After a pair of stints at other schools, Tuberville retired from coaching in 2016. Last year, he announced his candidacy for the 2020 U.S. Senate seat in Alabama. Now, on the eve of the election, Tuberville is in the lead and hoping to earn another victory. If he does win, he will have to do so without the support from some of his former players who are unhappy with who the coach has become since he turned to politics.
Tommy Tuberville’s coaching career
Tommy Tuberville played college football at Southern Arkansas. After his playing days were over, he transitioned into coaching and moved his way up the ranks. In 1980, he landed his first college job as a position coach at Arkansas State.
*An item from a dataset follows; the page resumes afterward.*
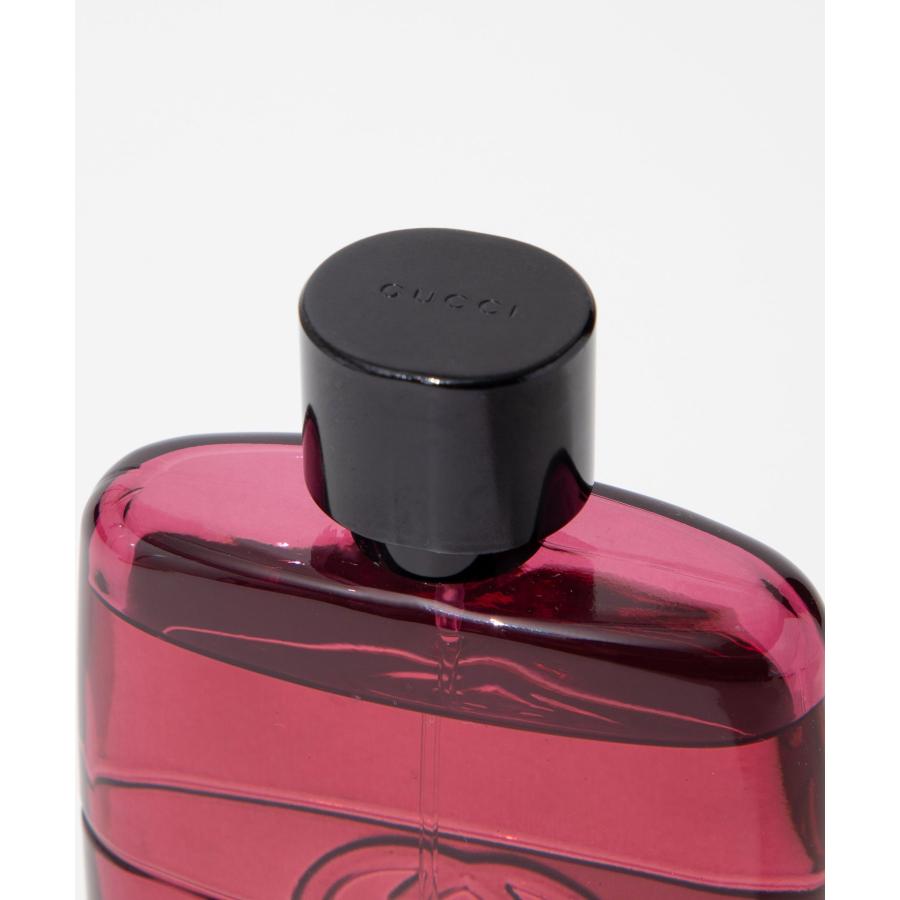 GUCCI（グッチ） ギルティ アブソリュート プールフェム EDP 90mL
Fifteen years later, Tuberville secured his first head coaching job at Ole Miss. After three years in Oxford, he moved to Auburn. During his tenure there, he led the Tigers to four Western Division crowns in the SEC.
The pinnacle of his coaching career occurred in 2004 when Auburn finished with an undefeated 13-0 record, won the SEC title, and then defeated Virginia Tech in the Sugar Bowl. Auburn finished the season ranked No. 2 in the nation.
Tommy Tuberville stayed with the Tigers four more seasons before leaving for Texas Tech. After three seasons in Lubbock, he joined the Cincinnati Bearcats. He retired from coaching after the 2016 season.
Tommy Tuberville runs for U.S. Senate
Tommy Tuberville had no experience in politics before he announced his run for the U.S. Senate seat in April 2019. Since that announcement, Tuberville has closely aligned with many of President Donald Trump’s policies.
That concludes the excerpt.